▶ [THE DATA]:
* * * * *

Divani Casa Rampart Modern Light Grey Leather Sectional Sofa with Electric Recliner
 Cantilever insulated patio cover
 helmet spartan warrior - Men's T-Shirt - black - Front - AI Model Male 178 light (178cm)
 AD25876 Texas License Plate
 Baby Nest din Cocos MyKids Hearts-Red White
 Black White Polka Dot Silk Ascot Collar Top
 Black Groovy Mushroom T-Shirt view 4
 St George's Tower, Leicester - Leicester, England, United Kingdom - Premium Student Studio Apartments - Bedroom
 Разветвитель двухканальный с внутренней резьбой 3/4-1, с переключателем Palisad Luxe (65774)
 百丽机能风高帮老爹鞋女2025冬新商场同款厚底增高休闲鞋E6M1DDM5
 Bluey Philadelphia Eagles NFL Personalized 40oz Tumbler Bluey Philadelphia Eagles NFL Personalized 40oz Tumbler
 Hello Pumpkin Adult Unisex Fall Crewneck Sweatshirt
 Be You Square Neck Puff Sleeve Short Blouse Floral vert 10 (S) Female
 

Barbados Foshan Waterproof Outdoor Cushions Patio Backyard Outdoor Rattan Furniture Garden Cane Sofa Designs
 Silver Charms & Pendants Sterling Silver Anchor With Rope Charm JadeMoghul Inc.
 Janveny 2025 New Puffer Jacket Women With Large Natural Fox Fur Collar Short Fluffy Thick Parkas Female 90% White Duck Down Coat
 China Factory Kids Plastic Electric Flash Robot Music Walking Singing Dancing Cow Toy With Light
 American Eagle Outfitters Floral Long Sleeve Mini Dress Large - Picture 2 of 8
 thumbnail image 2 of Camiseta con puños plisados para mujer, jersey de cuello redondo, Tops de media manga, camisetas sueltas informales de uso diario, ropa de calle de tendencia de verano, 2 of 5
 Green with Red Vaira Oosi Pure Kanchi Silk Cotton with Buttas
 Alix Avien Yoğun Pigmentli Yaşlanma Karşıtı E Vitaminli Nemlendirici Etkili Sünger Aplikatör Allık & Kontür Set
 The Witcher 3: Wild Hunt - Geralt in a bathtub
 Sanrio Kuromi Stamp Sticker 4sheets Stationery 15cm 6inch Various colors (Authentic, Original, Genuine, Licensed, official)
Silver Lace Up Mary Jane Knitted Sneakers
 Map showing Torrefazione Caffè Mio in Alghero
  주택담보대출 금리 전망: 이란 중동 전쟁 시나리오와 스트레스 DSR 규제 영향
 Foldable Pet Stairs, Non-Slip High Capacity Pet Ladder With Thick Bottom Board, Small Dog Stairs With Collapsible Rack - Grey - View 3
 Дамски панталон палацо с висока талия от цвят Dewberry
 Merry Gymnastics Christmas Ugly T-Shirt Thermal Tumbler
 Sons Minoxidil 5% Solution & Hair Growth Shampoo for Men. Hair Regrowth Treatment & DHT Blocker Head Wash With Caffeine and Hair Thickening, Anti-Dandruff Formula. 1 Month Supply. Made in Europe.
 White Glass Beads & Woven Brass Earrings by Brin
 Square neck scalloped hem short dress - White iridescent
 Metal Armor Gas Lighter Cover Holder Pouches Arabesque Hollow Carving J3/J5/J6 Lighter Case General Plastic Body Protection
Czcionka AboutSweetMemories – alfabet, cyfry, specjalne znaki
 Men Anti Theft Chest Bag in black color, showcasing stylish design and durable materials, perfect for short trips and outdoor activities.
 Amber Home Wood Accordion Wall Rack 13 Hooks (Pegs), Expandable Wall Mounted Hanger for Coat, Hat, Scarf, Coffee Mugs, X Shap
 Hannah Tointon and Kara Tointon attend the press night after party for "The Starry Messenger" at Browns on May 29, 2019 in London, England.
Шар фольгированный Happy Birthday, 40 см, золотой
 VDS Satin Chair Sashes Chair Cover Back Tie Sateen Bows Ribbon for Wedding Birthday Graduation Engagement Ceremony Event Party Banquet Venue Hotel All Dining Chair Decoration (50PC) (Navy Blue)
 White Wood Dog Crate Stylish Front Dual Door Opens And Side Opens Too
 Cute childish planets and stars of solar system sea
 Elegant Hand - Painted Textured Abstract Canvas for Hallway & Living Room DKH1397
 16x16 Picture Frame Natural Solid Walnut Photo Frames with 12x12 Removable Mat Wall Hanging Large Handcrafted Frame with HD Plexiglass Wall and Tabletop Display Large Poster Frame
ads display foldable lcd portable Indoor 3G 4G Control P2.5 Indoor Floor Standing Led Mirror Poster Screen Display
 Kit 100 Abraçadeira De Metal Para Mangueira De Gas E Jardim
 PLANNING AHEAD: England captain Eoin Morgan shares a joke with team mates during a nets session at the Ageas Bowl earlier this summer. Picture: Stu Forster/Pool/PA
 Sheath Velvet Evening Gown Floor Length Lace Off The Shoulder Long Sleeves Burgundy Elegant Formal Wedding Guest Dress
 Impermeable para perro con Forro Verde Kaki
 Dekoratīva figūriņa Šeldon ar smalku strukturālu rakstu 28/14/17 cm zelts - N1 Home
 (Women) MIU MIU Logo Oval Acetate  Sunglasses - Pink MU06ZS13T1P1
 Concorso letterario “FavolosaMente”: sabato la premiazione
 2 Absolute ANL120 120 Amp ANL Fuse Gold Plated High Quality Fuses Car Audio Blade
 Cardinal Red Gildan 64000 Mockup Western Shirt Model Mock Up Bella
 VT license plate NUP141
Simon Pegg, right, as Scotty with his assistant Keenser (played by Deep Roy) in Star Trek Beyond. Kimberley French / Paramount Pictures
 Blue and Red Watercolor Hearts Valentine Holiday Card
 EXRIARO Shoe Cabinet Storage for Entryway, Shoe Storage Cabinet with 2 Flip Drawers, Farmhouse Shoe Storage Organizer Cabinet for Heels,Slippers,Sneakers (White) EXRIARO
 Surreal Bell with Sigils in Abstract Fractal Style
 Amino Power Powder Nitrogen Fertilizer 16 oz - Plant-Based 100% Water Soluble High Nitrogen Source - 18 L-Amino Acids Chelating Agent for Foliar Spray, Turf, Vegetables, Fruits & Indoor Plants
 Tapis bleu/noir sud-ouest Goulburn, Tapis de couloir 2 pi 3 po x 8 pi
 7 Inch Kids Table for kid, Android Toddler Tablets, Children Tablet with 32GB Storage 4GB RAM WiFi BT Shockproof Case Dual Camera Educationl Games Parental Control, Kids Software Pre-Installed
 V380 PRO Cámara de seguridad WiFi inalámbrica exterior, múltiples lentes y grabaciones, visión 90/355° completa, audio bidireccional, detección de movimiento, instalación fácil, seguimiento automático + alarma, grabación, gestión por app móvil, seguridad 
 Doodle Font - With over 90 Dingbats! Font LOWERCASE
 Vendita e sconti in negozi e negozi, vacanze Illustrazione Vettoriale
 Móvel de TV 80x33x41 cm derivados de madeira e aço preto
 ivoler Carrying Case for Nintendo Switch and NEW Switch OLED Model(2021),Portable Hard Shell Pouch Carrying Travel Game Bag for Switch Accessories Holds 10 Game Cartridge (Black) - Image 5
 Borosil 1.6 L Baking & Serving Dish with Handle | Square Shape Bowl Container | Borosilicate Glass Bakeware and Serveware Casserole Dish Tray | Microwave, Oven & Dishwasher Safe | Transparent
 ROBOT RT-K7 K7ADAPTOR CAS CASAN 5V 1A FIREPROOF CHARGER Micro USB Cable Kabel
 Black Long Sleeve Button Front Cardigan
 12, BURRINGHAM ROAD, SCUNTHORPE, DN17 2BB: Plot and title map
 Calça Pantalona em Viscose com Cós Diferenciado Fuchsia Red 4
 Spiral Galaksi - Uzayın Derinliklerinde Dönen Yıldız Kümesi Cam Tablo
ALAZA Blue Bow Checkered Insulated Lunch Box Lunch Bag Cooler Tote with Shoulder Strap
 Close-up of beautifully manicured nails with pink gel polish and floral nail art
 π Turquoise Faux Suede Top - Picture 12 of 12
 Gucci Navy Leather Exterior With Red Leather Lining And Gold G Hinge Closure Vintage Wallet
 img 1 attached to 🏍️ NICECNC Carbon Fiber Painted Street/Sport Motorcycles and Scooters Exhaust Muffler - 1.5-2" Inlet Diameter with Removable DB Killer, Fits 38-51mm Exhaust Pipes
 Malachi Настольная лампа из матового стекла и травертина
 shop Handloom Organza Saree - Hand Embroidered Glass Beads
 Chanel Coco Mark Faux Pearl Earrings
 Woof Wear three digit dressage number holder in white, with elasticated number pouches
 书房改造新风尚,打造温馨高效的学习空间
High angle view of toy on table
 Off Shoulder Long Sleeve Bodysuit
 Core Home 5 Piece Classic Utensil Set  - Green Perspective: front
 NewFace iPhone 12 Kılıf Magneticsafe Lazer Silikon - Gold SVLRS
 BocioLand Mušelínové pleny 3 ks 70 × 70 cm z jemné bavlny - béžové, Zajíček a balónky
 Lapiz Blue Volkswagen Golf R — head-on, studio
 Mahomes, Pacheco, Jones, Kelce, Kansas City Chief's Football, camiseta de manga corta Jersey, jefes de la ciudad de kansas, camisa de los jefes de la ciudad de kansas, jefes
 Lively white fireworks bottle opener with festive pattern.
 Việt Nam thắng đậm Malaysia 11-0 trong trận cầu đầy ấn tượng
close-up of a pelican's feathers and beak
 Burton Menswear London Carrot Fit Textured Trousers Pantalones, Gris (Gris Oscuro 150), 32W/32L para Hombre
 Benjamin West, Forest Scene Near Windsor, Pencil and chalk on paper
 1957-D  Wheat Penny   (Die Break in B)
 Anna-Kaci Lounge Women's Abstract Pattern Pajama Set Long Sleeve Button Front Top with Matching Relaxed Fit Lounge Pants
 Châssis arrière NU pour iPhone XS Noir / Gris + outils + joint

* * * * *

▶ [TASK BRIEF]: Extract from the listing above the lines between the line containing "VDS Satin Chair" and the line containing "PLANNING AHEAD: England", keeping both of those lines. Output nothing else.

▶ [EXERCISE RESPONSE]:
 VDS Satin Chair Sashes Chair Cover Back Tie Sateen Bows Ribbon for Wedding Birthday Graduation Engagement Ceremony Event Party Banquet Venue Hotel All Dining Chair Decoration (50PC) (Navy Blue)
 White Wood Dog Crate Stylish Front Dual Door Opens And Side Opens Too
 Cute childish planets and stars of solar system sea
 Elegant Hand - Painted Textured Abstract Canvas for Hallway & Living Room DKH1397
 16x16 Picture Frame Natural Solid Walnut Photo Frames with 12x12 Removable Mat Wall Hanging Large Handcrafted Frame with HD Plexiglass Wall and Tabletop Display Large Poster Frame
ads display foldable lcd portable Indoor 3G 4G Control P2.5 Indoor Floor Standing Led Mirror Poster Screen Display
 Kit 100 Abraçadeira De Metal Para Mangueira De Gas E Jardim
 PLANNING AHEAD: England captain Eoin Morgan shares a joke with team mates during a nets session at the Ageas Bowl earlier this summer. Picture: Stu Forster/Pool/PA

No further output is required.